壮絶な有様であった。ここで何が起きたのかを想像するのには難くない。
部下A「いやいやいやっ、想像できませんから! わけわかりませんから!!」
魔王「側近はきっと…手に入れたもやしを…誰にも渡したくなかったのだ…」
側近だったもの「ヴヴヴヴヴヴ」
部下A「いえ、取りませんし。いりませんし、そんなに」
勇者「側近…」
側近だったもの「グァ?」
勇者「ひとりでそんなにたくさんのモヤシを抱え込んで、どうするつもりだったんだ?」
側近だったもの「愛でます」即答
部下A「側近様…。
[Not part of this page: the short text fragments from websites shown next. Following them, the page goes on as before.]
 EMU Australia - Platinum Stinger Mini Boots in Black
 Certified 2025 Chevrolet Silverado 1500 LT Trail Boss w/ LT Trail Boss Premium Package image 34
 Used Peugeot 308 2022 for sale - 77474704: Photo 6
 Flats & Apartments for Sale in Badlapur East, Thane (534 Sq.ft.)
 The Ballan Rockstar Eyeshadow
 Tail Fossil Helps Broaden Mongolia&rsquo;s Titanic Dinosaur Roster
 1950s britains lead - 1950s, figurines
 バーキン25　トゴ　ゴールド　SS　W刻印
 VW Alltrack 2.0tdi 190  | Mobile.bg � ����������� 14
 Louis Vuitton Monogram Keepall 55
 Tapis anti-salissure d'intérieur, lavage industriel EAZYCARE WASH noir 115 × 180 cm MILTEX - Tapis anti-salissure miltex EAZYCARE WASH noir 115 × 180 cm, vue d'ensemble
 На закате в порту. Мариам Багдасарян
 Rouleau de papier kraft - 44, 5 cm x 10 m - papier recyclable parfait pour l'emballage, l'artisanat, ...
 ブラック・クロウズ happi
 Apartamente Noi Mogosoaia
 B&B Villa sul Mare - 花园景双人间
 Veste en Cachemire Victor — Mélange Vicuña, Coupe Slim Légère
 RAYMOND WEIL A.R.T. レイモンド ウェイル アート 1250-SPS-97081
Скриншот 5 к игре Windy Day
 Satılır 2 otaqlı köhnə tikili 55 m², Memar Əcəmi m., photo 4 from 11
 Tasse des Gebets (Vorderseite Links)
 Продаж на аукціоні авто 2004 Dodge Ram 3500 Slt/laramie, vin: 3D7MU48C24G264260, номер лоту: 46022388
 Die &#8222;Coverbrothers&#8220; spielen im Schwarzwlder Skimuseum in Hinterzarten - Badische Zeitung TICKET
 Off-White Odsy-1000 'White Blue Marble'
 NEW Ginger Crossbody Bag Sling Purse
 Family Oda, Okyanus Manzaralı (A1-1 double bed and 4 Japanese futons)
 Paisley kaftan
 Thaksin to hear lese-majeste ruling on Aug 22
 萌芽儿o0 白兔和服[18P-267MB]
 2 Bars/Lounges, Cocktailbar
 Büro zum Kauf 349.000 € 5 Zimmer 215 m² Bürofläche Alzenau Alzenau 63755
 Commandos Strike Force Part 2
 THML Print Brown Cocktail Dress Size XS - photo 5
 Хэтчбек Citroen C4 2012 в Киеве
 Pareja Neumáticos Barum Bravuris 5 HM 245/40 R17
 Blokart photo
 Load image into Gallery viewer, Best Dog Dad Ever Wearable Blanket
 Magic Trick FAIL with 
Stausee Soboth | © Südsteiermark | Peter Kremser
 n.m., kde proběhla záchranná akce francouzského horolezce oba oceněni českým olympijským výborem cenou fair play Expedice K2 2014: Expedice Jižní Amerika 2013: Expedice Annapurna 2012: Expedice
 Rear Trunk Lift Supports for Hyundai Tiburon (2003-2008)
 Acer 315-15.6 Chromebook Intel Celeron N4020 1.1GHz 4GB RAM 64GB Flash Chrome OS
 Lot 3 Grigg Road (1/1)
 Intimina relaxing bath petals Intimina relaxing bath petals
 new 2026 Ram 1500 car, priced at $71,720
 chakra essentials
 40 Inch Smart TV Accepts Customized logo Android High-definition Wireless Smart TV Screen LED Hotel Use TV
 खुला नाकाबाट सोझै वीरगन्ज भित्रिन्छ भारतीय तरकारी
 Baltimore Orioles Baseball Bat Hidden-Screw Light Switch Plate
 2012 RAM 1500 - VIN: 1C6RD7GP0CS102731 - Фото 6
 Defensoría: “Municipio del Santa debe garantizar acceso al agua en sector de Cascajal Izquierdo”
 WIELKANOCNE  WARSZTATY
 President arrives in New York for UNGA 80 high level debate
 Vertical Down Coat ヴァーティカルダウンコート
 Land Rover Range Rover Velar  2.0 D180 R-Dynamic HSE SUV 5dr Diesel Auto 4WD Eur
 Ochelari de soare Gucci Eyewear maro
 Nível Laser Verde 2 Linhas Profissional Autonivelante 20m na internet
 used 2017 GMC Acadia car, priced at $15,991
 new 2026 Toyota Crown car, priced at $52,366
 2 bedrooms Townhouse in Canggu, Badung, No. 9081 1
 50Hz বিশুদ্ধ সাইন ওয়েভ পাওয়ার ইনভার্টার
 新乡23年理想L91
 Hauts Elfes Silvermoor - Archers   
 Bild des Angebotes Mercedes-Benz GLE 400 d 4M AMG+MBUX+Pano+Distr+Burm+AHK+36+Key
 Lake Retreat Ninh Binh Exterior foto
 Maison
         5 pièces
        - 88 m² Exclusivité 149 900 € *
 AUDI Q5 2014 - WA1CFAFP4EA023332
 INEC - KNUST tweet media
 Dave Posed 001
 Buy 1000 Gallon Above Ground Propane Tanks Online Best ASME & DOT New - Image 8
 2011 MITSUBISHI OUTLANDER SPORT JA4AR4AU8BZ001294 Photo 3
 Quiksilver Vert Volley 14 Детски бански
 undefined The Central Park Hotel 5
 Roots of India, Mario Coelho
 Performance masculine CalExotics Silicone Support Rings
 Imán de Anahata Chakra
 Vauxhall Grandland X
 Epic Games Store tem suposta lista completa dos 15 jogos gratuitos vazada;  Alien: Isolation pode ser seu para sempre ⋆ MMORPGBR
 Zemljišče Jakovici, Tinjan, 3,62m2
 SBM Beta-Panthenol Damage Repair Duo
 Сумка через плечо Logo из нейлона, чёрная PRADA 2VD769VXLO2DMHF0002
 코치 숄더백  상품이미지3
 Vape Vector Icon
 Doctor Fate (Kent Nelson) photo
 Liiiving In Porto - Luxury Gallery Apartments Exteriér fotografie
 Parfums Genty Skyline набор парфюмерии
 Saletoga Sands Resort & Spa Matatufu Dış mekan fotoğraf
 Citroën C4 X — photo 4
魔王様の補佐がそんなにストレスだったんですね…」ほろり
魔王「えッ! 原因、俺? 俺なの?」
勇者「もやしは…誰のものにもならない」
側近だったもの「いいえ! いいえッ!! もやしは! 世界中のもやしは! 全てわたくしのもの!
わたくしが! わたしだけがもやしを手に入れる…!」
勇者「それでどうするんだ?」
側近だったもの「愛でます」きぱっ
勇者「フッ」
勇者「側近。お前は、もやしのことを何も分かっていない」
側近だったもの「なん…ですって…?」怒
勇者「お前はもやしたちの気持ちを考えたことはあるのか?」
側近だったもの「もやしの…気持ち」
勇者「ああ。誰にも口にされず、こんなにひからびて、溶けて、カビの生えてしまったもやしたちが、今、何を考えていると思う?」
もやし「……」
側近だったもの「!!!」驚愕
側近だったもの「わたくしは…わたくしは何ということを…!!」ワナワナ
勇者「ああ。もやしたちは、誰かに食べてほしかったんじゃないかな。ラーメンに添えて。炒め物に混ぜて。もちろん、そのまま茹でて醤油をかけて食べたっていい。」ニコッ
側近だったもの「あぁあああ!!!」がくり
側近だったもの「勇者よ!! わたくしが間違っていました! もやしを独り占めするなどと! もやしは!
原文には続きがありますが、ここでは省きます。